** MATERIAL PROVIDED follows **

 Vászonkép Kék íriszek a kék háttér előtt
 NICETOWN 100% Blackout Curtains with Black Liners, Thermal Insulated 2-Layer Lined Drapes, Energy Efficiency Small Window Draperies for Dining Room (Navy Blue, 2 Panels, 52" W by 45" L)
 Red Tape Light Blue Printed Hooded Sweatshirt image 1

** End of MATERIAL PROVIDED **
** MATERIAL PROVIDED follows **

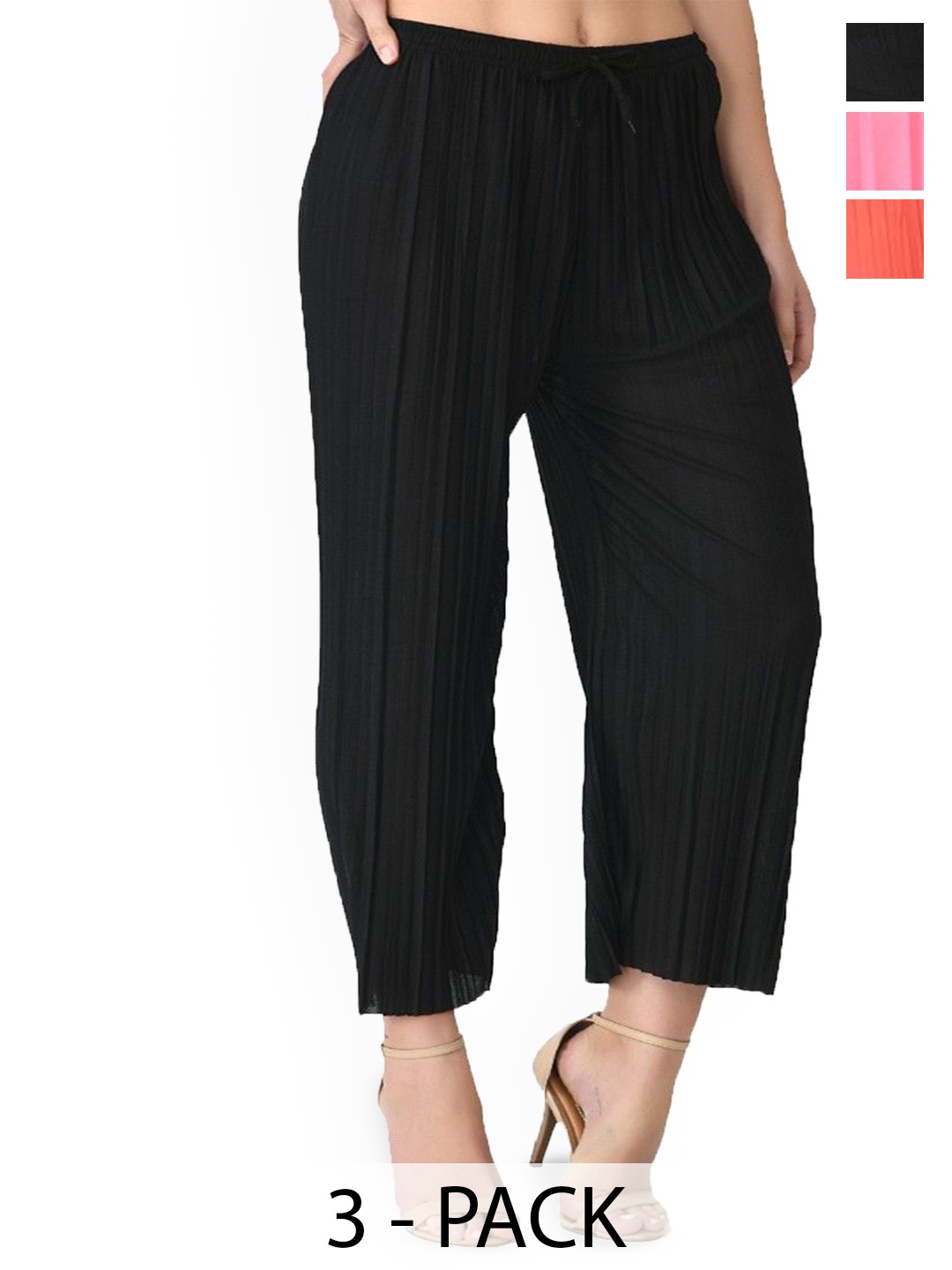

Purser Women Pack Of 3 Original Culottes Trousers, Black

** End of MATERIAL PROVIDED **
** MATERIAL PROVIDED follows **

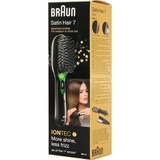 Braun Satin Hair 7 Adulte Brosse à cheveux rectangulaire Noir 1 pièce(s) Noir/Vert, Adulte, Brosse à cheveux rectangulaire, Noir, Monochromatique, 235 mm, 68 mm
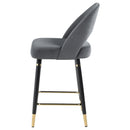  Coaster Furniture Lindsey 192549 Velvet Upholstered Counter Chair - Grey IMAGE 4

** End of MATERIAL PROVIDED **

> WHAT THE EXERCISE ASKS: In the entries above, the lines from the one bearing "Vászonkép Kék íriszek a kék háttér előtt" up to and including the one bearing "Red Tape Light" should be transcribed exactly; no other line is wanted.

> EXERCISE OUTPUT:
 Vászonkép Kék íriszek a kék háttér előtt
 NICETOWN 100% Blackout Curtains with Black Liners, Thermal Insulated 2-Layer Lined Drapes, Energy Efficiency Small Window Draperies for Dining Room (Navy Blue, 2 Panels, 52" W by 45" L)
 Red Tape Light Blue Printed Hooded Sweatshirt image 1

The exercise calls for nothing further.